» **ACTIVITY**
Among the lines below, copy exactly those from the one with "EXIT 0 (2020)" through the one with "A 380-800 MÜNCHEN rollt zum Start", counting both ends.

» **RAW DATA**
::::

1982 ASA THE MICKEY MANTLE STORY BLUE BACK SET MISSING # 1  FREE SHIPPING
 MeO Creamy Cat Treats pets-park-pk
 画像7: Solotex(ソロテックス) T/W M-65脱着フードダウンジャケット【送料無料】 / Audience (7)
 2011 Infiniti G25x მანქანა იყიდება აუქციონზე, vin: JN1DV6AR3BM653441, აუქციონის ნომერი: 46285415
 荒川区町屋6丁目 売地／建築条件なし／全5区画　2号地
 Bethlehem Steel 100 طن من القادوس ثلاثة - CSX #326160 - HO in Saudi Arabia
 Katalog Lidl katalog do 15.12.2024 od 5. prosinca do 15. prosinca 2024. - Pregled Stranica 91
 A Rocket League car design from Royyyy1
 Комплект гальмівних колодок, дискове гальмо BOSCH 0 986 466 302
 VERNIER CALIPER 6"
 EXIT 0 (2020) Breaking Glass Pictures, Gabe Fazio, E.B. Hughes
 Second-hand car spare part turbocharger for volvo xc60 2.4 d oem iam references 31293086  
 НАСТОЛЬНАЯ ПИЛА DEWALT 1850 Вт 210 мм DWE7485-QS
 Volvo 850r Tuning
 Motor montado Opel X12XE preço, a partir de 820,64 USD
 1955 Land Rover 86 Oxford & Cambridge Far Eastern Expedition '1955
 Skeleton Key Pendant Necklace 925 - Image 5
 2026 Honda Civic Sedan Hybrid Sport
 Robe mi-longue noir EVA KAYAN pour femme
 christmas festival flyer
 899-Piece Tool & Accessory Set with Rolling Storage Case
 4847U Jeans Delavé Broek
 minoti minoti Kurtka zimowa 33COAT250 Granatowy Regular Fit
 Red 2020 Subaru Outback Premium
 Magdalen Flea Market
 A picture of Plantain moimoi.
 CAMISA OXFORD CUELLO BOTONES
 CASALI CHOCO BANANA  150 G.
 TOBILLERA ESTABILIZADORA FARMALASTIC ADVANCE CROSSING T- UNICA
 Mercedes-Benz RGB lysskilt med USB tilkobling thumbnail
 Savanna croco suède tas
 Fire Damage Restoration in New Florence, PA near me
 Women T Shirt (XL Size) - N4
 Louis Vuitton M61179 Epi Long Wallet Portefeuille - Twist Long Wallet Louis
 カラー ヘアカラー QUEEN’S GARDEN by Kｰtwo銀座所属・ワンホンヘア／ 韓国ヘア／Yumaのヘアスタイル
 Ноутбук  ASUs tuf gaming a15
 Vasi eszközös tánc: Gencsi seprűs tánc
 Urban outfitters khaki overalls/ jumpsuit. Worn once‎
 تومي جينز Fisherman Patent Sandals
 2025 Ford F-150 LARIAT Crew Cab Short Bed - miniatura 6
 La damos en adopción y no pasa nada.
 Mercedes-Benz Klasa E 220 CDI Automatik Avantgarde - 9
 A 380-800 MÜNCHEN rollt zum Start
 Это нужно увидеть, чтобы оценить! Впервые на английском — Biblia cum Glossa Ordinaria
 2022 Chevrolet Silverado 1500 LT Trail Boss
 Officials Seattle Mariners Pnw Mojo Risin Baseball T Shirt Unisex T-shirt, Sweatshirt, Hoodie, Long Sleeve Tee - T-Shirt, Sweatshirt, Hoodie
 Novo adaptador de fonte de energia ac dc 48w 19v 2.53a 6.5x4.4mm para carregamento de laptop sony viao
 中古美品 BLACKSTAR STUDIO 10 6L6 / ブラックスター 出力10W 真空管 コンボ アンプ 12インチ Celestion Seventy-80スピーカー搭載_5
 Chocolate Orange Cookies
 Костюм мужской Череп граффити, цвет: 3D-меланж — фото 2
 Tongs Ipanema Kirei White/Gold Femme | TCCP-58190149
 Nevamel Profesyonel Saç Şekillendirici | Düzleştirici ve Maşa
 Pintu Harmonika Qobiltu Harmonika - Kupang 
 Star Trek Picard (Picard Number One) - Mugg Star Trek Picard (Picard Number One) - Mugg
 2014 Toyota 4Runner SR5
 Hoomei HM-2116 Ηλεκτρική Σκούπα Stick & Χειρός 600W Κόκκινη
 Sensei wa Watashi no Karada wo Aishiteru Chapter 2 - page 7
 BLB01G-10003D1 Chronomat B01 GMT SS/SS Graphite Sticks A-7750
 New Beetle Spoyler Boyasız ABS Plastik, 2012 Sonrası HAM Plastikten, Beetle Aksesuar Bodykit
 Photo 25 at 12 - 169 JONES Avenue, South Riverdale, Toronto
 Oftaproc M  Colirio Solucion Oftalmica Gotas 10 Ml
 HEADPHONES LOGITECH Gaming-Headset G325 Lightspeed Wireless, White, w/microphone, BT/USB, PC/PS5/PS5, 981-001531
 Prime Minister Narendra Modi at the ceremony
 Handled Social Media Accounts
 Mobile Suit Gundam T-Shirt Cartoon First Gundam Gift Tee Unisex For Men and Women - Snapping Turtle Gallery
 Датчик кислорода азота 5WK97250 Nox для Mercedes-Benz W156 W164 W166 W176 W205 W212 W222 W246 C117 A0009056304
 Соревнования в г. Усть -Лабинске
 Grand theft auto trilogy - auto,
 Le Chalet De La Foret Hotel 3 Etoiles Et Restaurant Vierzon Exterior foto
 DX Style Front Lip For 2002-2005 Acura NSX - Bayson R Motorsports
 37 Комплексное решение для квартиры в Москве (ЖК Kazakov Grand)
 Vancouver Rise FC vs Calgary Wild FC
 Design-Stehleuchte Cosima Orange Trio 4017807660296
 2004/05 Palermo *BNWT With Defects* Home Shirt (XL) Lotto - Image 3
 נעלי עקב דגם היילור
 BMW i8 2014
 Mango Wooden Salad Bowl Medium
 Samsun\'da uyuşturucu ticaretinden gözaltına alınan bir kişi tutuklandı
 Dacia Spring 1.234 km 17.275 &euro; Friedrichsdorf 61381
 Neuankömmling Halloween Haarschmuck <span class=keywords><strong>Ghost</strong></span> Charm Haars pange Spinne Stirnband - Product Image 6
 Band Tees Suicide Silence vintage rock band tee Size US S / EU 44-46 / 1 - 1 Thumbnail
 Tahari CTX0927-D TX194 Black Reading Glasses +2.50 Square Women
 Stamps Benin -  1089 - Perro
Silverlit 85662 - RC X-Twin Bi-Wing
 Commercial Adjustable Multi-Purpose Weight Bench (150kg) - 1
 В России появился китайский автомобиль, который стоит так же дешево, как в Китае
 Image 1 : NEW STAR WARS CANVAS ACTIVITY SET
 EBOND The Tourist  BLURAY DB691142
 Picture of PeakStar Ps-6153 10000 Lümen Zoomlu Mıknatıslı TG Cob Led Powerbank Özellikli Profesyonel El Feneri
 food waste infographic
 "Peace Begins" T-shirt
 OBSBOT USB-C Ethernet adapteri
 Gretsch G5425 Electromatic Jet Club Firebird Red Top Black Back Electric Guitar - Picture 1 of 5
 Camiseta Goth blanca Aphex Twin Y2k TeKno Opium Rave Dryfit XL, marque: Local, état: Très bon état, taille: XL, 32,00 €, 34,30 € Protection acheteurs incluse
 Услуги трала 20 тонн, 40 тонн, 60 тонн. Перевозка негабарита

::::

» **SOLUTION FOR THIS PROBLEM**
 EXIT 0 (2020) Breaking Glass Pictures, Gabe Fazio, E.B. Hughes
 Second-hand car spare part turbocharger for volvo xc60 2.4 d oem iam references 31293086  
 НАСТОЛЬНАЯ ПИЛА DEWALT 1850 Вт 210 мм DWE7485-QS
 Volvo 850r Tuning
 Motor montado Opel X12XE preço, a partir de 820,64 USD
 1955 Land Rover 86 Oxford & Cambridge Far Eastern Expedition '1955
 Skeleton Key Pendant Necklace 925 - Image 5
 2026 Honda Civic Sedan Hybrid Sport
 Robe mi-longue noir EVA KAYAN pour femme
 christmas festival flyer
 899-Piece Tool & Accessory Set with Rolling Storage Case
 4847U Jeans Delavé Broek
 minoti minoti Kurtka zimowa 33COAT250 Granatowy Regular Fit
 Red 2020 Subaru Outback Premium
 Magdalen Flea Market
 A picture of Plantain moimoi.
 CAMISA OXFORD CUELLO BOTONES
 CASALI CHOCO BANANA  150 G.
 TOBILLERA ESTABILIZADORA FARMALASTIC ADVANCE CROSSING T- UNICA
 Mercedes-Benz RGB lysskilt med USB tilkobling thumbnail
 Savanna croco suède tas
 Fire Damage Restoration in New Florence, PA near me
 Women T Shirt (XL Size) - N4
 Louis Vuitton M61179 Epi Long Wallet Portefeuille - Twist Long Wallet Louis
 カラー ヘアカラー QUEEN’S GARDEN by Kｰtwo銀座所属・ワンホンヘア／ 韓国ヘア／Yumaのヘアスタイル
 Ноутбук  ASUs tuf gaming a15
 Vasi eszközös tánc: Gencsi seprűs tánc
 Urban outfitters khaki overalls/ jumpsuit. Worn once‎
 تومي جينز Fisherman Patent Sandals
 2025 Ford F-150 LARIAT Crew Cab Short Bed - miniatura 6
 La damos en adopción y no pasa nada.
 Mercedes-Benz Klasa E 220 CDI Automatik Avantgarde - 9
 A 380-800 MÜNCHEN rollt zum Start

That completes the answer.